* [Work to be completed]: Write out, word for word, every line from the one containing "IMG 20200623 171414" through the last line of the records below, both ends included.
[Input records Boundary: Start]
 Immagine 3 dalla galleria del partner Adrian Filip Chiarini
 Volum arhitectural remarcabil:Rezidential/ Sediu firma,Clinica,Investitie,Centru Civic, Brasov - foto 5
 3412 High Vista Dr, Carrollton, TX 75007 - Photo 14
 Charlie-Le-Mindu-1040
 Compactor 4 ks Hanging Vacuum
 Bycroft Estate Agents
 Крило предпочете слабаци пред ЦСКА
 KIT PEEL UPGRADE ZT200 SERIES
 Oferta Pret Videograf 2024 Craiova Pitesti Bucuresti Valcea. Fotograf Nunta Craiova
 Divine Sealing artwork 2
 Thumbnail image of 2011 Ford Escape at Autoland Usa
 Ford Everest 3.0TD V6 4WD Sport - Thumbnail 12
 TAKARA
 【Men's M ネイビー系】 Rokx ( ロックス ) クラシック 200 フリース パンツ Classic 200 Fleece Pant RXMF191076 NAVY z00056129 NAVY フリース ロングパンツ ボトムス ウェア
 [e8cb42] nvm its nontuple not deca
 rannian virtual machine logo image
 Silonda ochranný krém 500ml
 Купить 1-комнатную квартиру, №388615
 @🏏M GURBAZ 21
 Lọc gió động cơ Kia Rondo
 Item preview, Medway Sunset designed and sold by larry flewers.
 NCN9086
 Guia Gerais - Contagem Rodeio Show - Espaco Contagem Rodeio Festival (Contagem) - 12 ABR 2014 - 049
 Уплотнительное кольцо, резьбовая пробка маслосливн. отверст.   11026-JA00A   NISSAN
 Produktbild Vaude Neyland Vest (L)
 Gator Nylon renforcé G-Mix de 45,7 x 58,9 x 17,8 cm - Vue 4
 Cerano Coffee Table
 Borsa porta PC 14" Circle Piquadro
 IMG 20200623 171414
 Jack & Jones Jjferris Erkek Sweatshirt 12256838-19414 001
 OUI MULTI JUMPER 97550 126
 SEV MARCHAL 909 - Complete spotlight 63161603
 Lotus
[Input records Boundary: End]
* [Answer section]:
 IMG 20200623 171414
 Jack & Jones Jjferris Erkek Sweatshirt 12256838-19414 001
 OUI MULTI JUMPER 97550 126
 SEV MARCHAL 909 - Complete spotlight 63161603
 Lotus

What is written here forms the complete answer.